Alors Ennahdha a opté pour un système qui lui permettra de rester un partenaire politique incontournable et peser toujours sur les évènements en attendant des jours meilleurs.
Ghannouchi et Caïd Essebsi jouent au "Je t'aime moi non plus".
Ce parti a tout fait pour réduire le pouvoir du président de la république, parce qu'il n'a pas actuellement de personnalité présidentiable. Et même son ami de toujours et allié occasionnel Moncef Marzouki a eu le droit à ce traitement! Heureusement, diront certains. Idem pour Ben Jaâfar qui ne sera qu'un pion de plus sur l'échiquier d'Ennahdha!
Ce crédo nahdhaoui s'est vu renforcé et confirmé par l'émergence d'un phénomène inattendu: Béji Caïd Essebsi, l'ancien Premier ministre et président de Nida Tounes.
Ce vieux briscard de la politique, de retour sur la scène, ratisse large et remporte, selon tous les sondages, l'adhésion d'une grande majorité des futurs votants. Il n'en fallait pas plus pour qu'Ennahdha le désigne comme l'homme à abattre à tout prix (au sens figuré évidemment) allant jusqu'à faire voter une loi pour exclure les anciens du régime dont la principale cible était, on l'a compris, ce vieux Destourien. Avant de faire un retournement spectaculaire, pour les raisons que tout le monde connaît maintenant.
«Mais Caïd Essebsi président sera sans pouvoir réel», crieront les sceptiques? Erreur car il aura le pouvoir du magistère que lui offrira son poste s'il est élu et Caïd Essebi n'est pas Marzouki! Sans même aucun pouvoir, il aura tous les pouvoirs. Il sera en plus le patron incontestable de la diplomatie et sera le commandant suprême des forces armées. De quoi donner des frissons dans le dos à Ghannouchi, autre vieux routier de la politique.
De là à conclure qu'un Caïd Essebsi peut cacher un Sissi tunisien, il n'y a qu'un pas que l'imagination débordante de Ghannouchi peut franchir.

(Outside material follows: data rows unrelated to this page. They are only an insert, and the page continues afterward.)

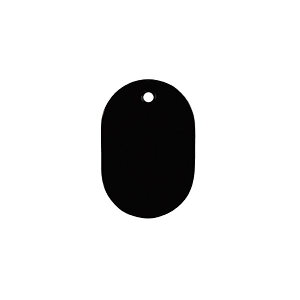 h ԍD BN-L  n  50 y×5Zbgz yp ܂Ƃߔ  Ɩp  Zbg̔z piG݁E[E| [Epi  ItBXpi [ pi 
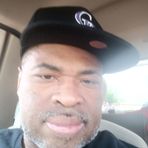 Jamel Atkins - Facebook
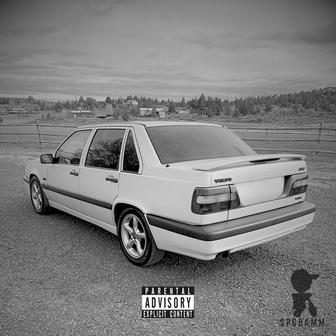 S90 Beats, Vol. 1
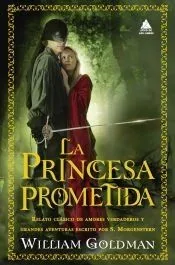 La princesa prometida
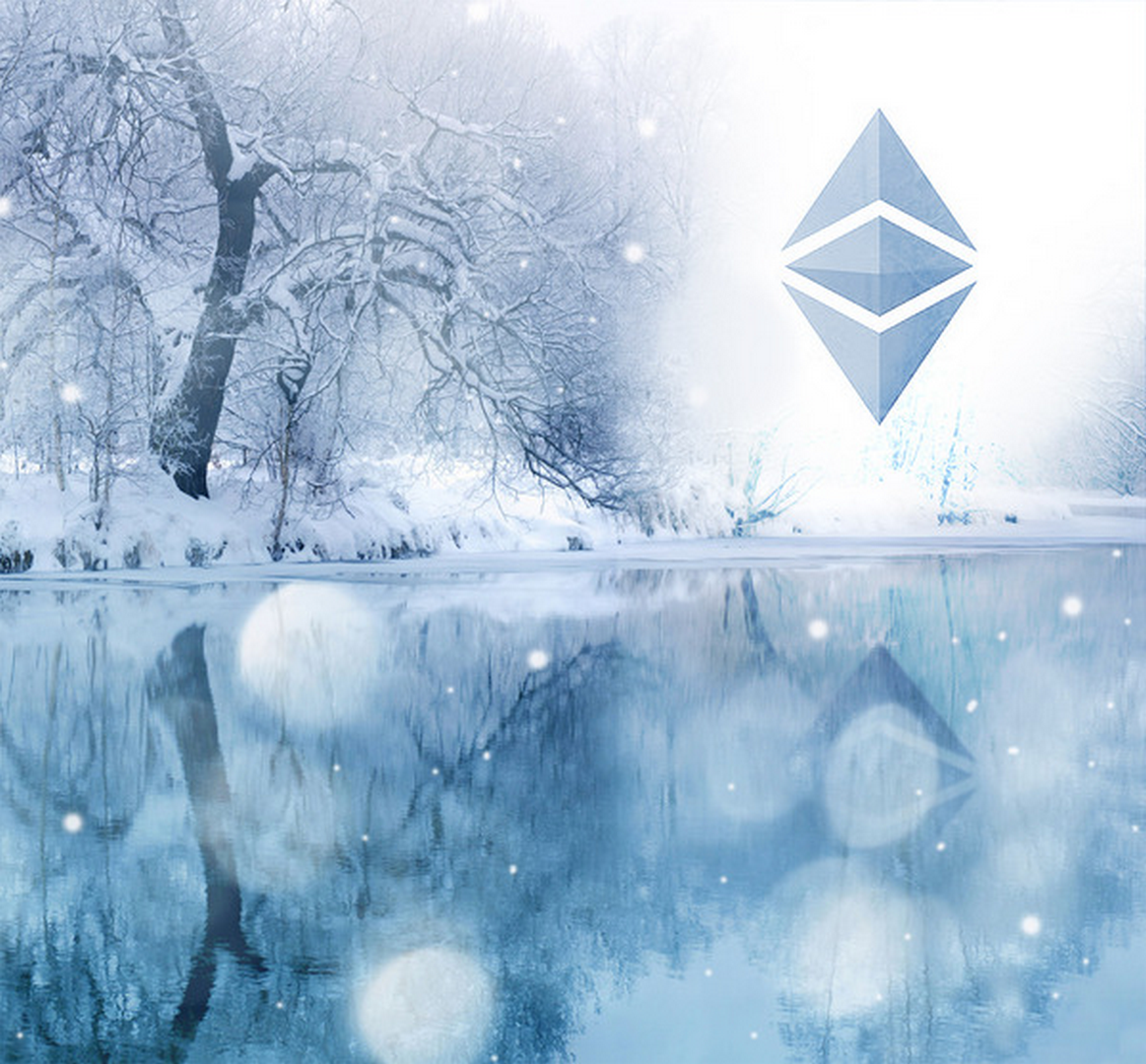 ethereum-classic-wallpaper---winter-lake_38555888976_o.png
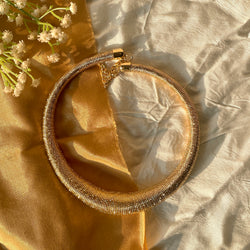 Amelia Choker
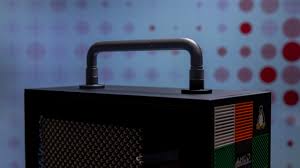 Image result for Computers Programming Component Frameworks Comparison and Review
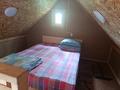 Жеке үй · 3 бөлме · 60 м², Мерей 22 — Орман, бағасы: 6 000 ₸ в Бурабае — фото 24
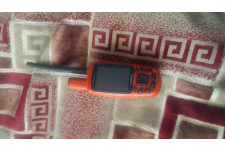 Неисправность №49237 - GPS-навигатор Garmin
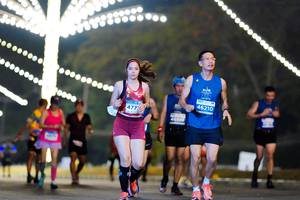 BIB: 46210, 000, 477
                            <button type="button" onclick="openModal(15638159)" class="btn btn-primary btn-sm float-right btn-popup" data-toggle="modal" data-target=".modal-high-quality">
                        <i class="fas fa-shopping-cart"></i> Add to Cart
                    </button>
                                            <button type="button" onclick="isThisMe(15638159, true)" class="btn btn-success btn-sm float-right btn-popup btn-isme hidden" data-toggle="tooltip" data-placement="bottom" title="นี่คือรูปของคุณใช่ไหม คลิกที่นี่เพื่อเอาเข้าอัลบั้ม">
                        <i class="fas fa-plus"></i> Add to album
                    </button>
                    <button type="button" onclick="isThisMe(15638159, false)" class="btn btn-warning btn-sm float-right btn-popup btn-isnotme hidden">
                        <i class="fas fa-ban"></i> Remove from album
                    </button>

Après tout, qui aurait imaginé qu'un général, illustre inconnu à l'époque, nommé par Mohamed Morsi lui même et faisant ses cinq prières quotidiennes, aurait pu se retourner contre ses bienfaiteurs.
En tout cas, Ghannouchi ne prendra aucun risque et fera tout pour que le futur président, porté au pouvoir suprême par le suffrage universel, ne pourra remporter trop de voix et sera, au mieux, un «tartour» bis. Ce ne serait évidemment pas le cas si Caïd Essebsi venait à l'emporte.
C'est pour cette raison que la présidentielle aura lieu le même jour que les législatives et pour faire d'une pierre deux coups: limiter au maximum les voix portées sur Caïd Essebsi et empêcher son parti de faire un raz-de-marée! Si jamais la présidentielle précédait, non seulement il l'emporterait dès le premier tour, mais son parti profiterait de sa victoire et Ennahdha risquerait d'être laminé.
C'est donc une bataille politique cruciale qui s'annonce et il est fort peu probable que ce parti cède sur ce point quelles que soient les pressions et quitte à renvoyer les élections aux calendes grecques. En espérant que, peut être, le facteur biologique entrerait en jeu!
«Laissons le temps au temps», répliquait François Mitterrand à un journaliste qui le questionnait sur son cancer!